Stored data Start Marker

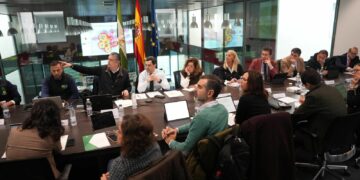 Aviso rojo en Ronda y naranja en la Costa del Sol: la Junta cierra todos los colegios de Andalucía, menos en Almería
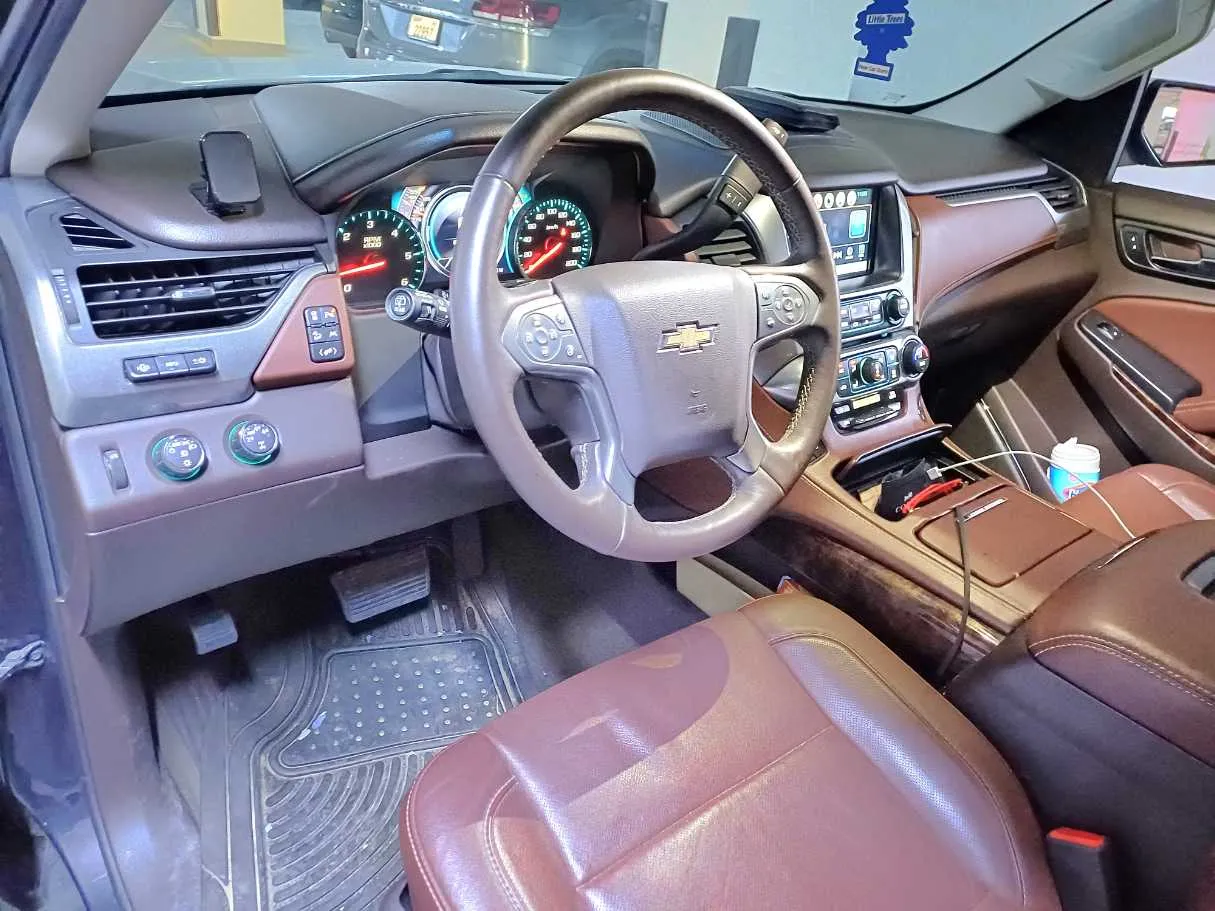Car image 11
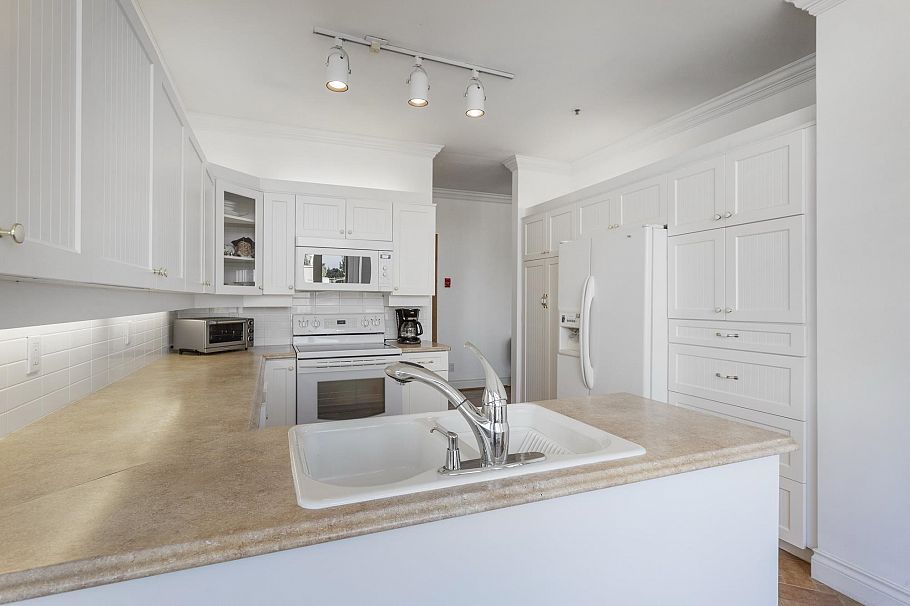 405 3777 W 8th Avenue Vancouver, BC - 12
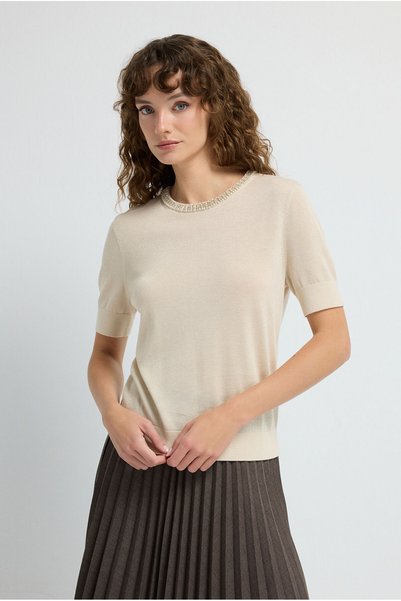 Acetate Knitwear Blouse with Stone Detail on the Collar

Stored data End Marker

**Problem requirements:** A word-for-word copy of all the data, without pictures, is the expected output.

**Written answer:**
 Aviso rojo en Ronda y naranja en la Costa del Sol: la Junta cierra todos los colegios de Andalucía, menos en Almería
Car image 11
 405 3777 W 8th Avenue Vancouver, BC - 12
 Acetate Knitwear Blouse with Stone Detail on the Collar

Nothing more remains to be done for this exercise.